The Fed’s key short-term interest rate, which influences borrowing costs for things like mortgages and auto loans, is currently 4.3%. Trump has called for it to be cut as low as 1% — a level no Fed official supports.

However the Fed moves forward, it will likely do so while continuing to assert its longstanding independence. A politically independent central bank is considered by most economists as critical to preventing inflation, because it can take steps — such as raising rates to cool the economy — that are harder for elected officials to do.

There are 19 members of the Fed’s interest-rate setting committee, 12 of whom vote on rate decisions. One of them, Beth Hammack, president of the Federal Reserve’s Cleveland branch, said Friday in an interview with The Associated Press she is committed to the Fed’s independence.

“I’m laser focused … on ensuring that I can deliver good outcomes for the public, and I try to tune out all the other noise,” she said.

She remains concerned the Fed still needs to fight stubborn inflation, a view shared by several colleagues.

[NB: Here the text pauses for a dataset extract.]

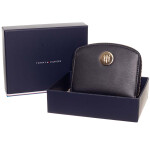 Peňaženka Tommy Hilfiger 8720641961523 Black UNI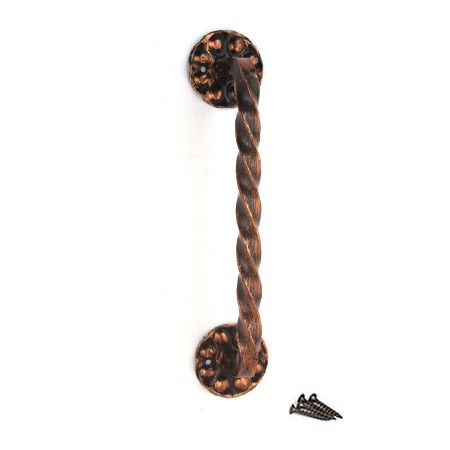 Ручка-скоба "ВИТАЯ"(240)  (медь)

“Inflation is too high and it’s been trending in the wrong direction,” Hammack said. “Right now I see us moving away from our goals on the inflation side.”

Making the right call

Powell did not discuss the Fed’s independence during his speech in Wyoming, where he received a standing ovation from assembled academics, economists and central bank officials from around the world. But Adam Posen, president of the Peterson Institute for International Economics, said that was likely a deliberate choice intended, ironically, to demonstrate independence.

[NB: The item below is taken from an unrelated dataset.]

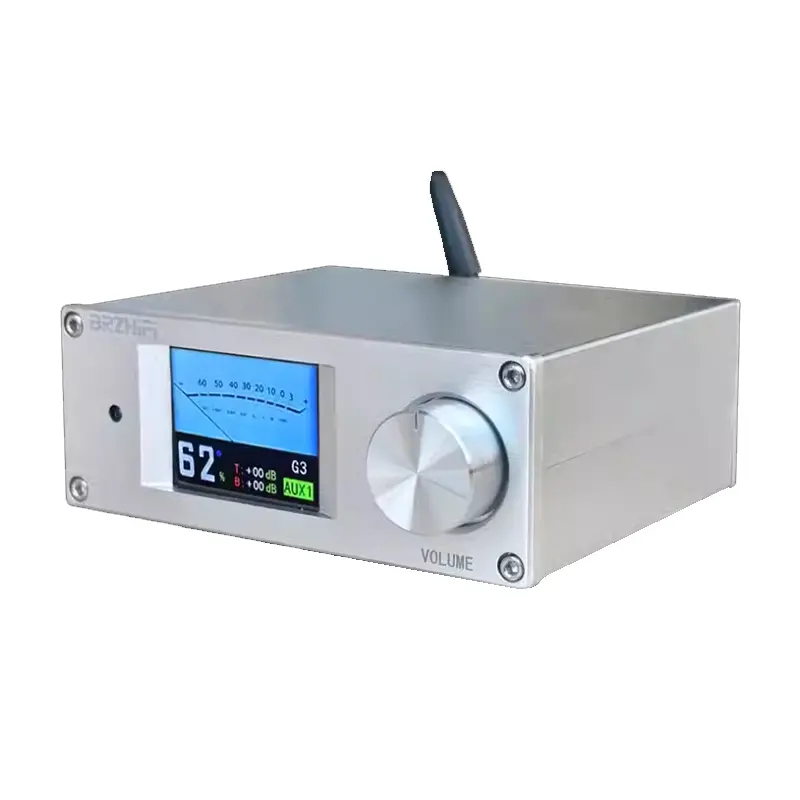 HIFI Preamp Bluetooth 5.3 USB  - огляд і ціна Pcm5102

“The not talking about independence was a way of trying as best they could to signal we’re getting on with the business,” Posen said. “We’re still having a civilized internal discussion about the merits of the issue. And even if it pleases the president, we’re going to make the right call.”

It was against that backdrop that Trump intensified his pressure campaign against another top Fed official.

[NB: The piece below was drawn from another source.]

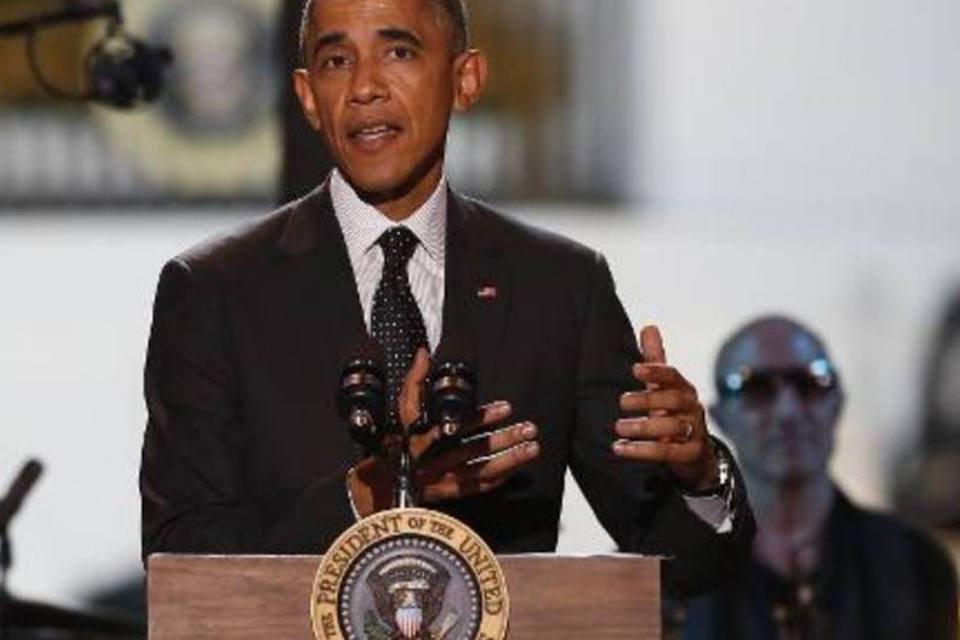 Obama pedirá ao Congresso US$ 3,2 bi para combater EI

Trump said he would fire Fed Governor Lisa Cook if she did not step down. Bill Pulte, a Trump appointee to head the agency that regulates mortgage giants Fannie Mae and Freddie Mac, alleged Wednesday that Cook committed mortgage fraud when she bought two properties in 2021. She has not been charged.

Cook has said she would not be “bullied” into giving up her position. She declined Friday to comment on Trump’s threat.

If Cook is removed, that would give Trump an opportunity to put a loyalist on the Fed’s governing board. Board members vote on all interest rate decisions. Trump has already nominated a top White House economist, Stephen Miran, to replace former governor Adriana Kugler, who stepped down Aug. 1.

Trump had previously threatened to fire Powell but hasn’t done so. He appointed Powell in late 2017. Powell’s term as chair ends in about nine months.

Powell is no stranger to Trump’s attacks. Michael Strain, director of economic policy studies at the American Enterprise Institute, noted the president also went after him in 2018 for raising rates, but that didn’t stop Powell.

“The president has a long history of applying pressure to Chairman Powell,” Strain said. “And Chairman Powell has a long history of resisting that pressure. So it would be odd, I think, if on his way out the door, he caved for the first time.”

Still, Strain thinks Powell is overestimating the risk that the economy will weaken further and push unemployment higher. If inflation worsens while hiring continues, that could force the Fed to reverse course and increase rates again next year.

“That would do further damage to the Fed’s credibility around maintaining low and stable price inflation,” he said.